◆ Assigned task: Please output the line containing "Buttoned Contrast Color" and all lines that follow it in the data below, exactly, with no pictures.

[Caption-style text data]
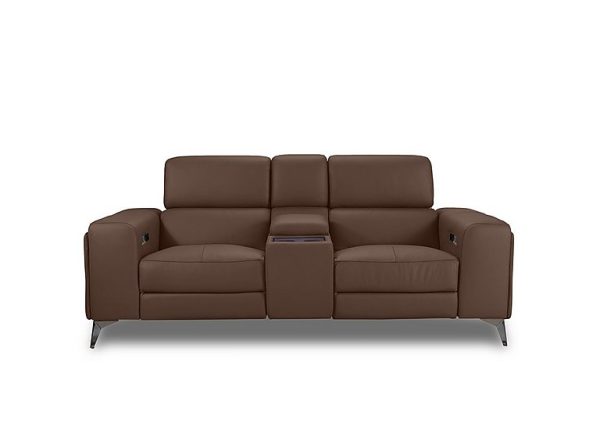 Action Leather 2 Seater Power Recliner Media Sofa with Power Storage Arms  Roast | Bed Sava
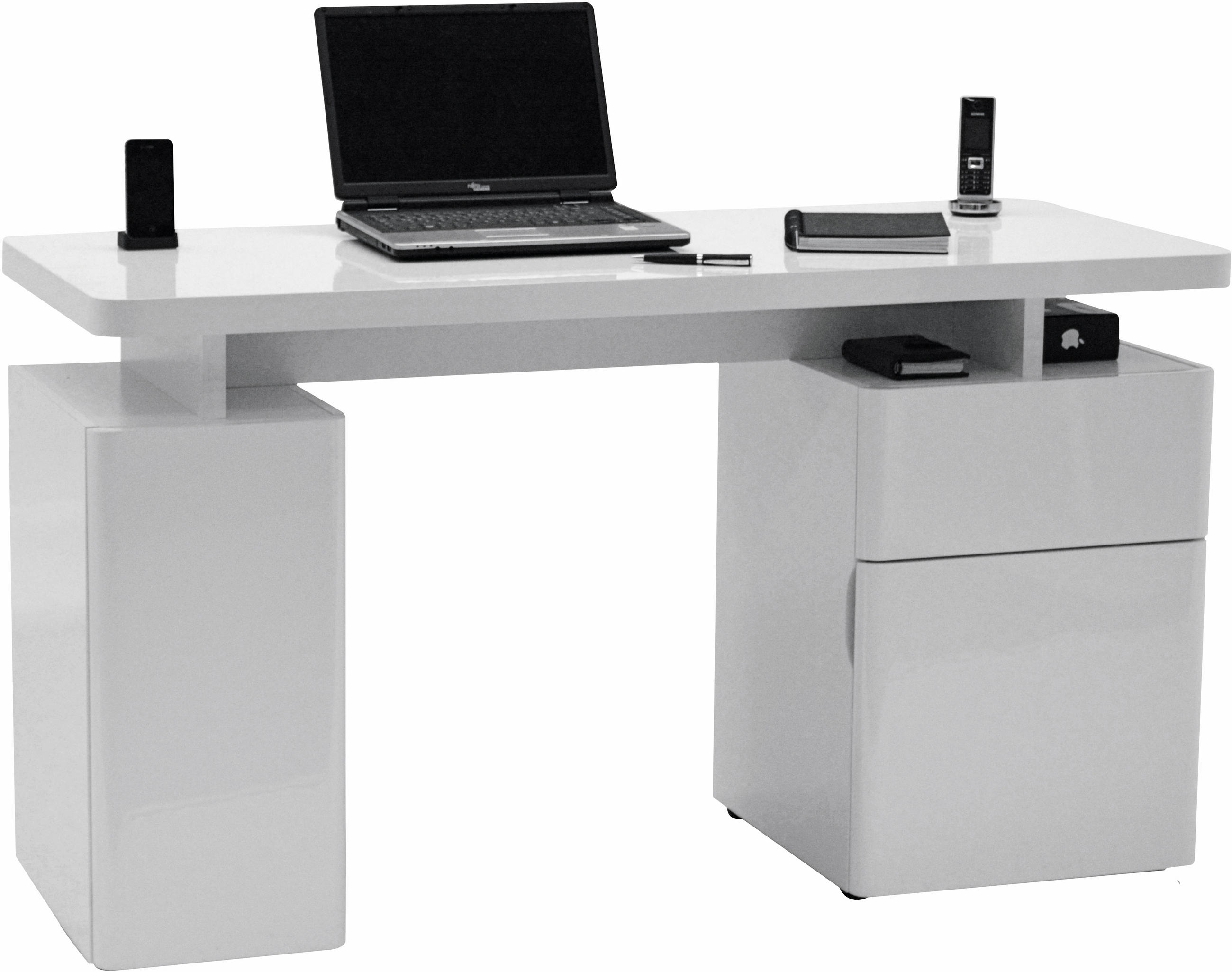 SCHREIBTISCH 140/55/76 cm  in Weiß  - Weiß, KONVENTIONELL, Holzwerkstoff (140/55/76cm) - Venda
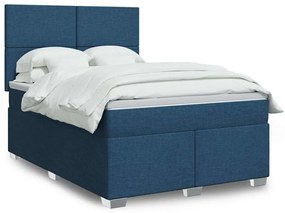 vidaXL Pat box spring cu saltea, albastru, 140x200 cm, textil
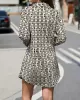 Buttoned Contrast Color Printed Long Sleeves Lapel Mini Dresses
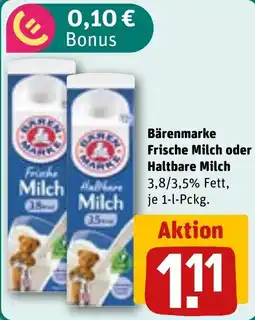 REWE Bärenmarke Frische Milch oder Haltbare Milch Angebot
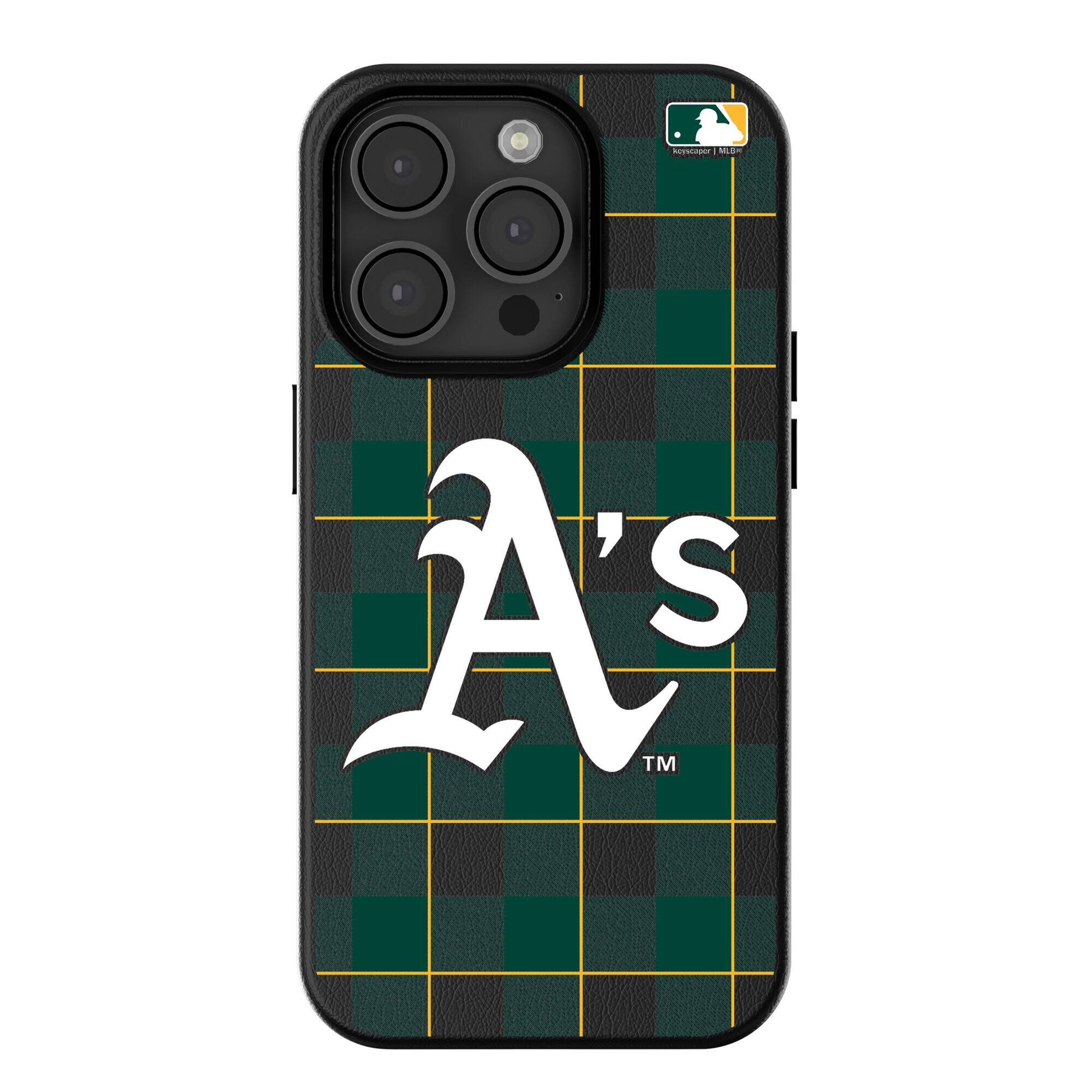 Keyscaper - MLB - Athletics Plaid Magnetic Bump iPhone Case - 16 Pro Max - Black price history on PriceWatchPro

◆ Your solution:
 Buttoned Contrast Color Printed Long Sleeves Lapel Mini Dresses
 REWE Bärenmarke Frische Milch oder Haltbare Milch Angebot
 Keyscaper - MLB - Athletics Plaid Magnetic Bump iPhone Case - 16 Pro Max - Black price history on PriceWatchPro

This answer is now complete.